Dan Hugh, an Alcoa executive, has been waiting for a cinema since 1990, when he and his wife, Nancy, moved into a Kendrick Place townhouse on relocating to Knoxville from a Pittsburgh suburb. The Hughs said they like having more than a dozen restaurants, the YMCA and YWCA, their bank, the courthouse, city hall, the art museum, the history museum, the library, the waterfront, and the World's Fair Park all within easy walking distance of their front door.

A movie theater and more shopping would be nice for them, and they are hoping, but, as Dan Hugh, who is 67, said, "The thing that appeals to me most about downtown living is that the age demographic is more diverse than in most neighborhoods in the suburbs, and particularly communities like Tellico Village [a development along Tellico Lake that appeals to retirement-age folk]. I like being able to socialize with young people as well as people my own age.... The conversations are a little more stimulating than constantly conversing about aches, pains and major health problems."

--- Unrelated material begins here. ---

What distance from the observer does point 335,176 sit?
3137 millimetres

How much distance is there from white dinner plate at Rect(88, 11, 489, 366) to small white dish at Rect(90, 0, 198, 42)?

Hugo Arceo and Autumn Whelan are a young couple who live downtown and work in the suburbs, a sort of reverse of the situation that is still prevalent here. Arceo said the downtown setting "allows more freedom and flexibility for unique and individual lifestyles." The greatest appeal, he said, "is in its spontaneity and choice. Whether we decide on a whim to not cook and enjoy dinner at one of the many restaurants...or have a nightcap after work, the options are there and available."

Every single person interviewed, all of whom were asked whether they would pick downtown living if they moved elsewhere, said yes, usually emphatically. Arceo also said yes but with the caveat, "not if we lived in New York or California."

That's not a caveat of Robert Loest. He is a confirmed downtowner no matter where he lives, including Manhattan. He and Judy have a getaway home in Florida, an old Victorian house in downtown St. Augustine.

The way Loest sees it, it's natural. "There is a sense of community that simply doesn't exist in the culturally atomized and demographically sanitized and segregated environment of the 'burbs," he said. So, tell us how you really feel, Robert.

"People are herd animals, like dogs, horses, birds, or bees. They need other people. Urban environments are the expression of that need," he said, "and the soul of a community.... What I like most about the downtown is the kinds of people who decide to live there."

It's Loest's kind of herd, and he's not alone in picking it. The trend that's settling in gives every indication that the herd will be growing as long as there are redevelopable, gentrifiable buildings downtown that lend themselves to expanding that urban "soul."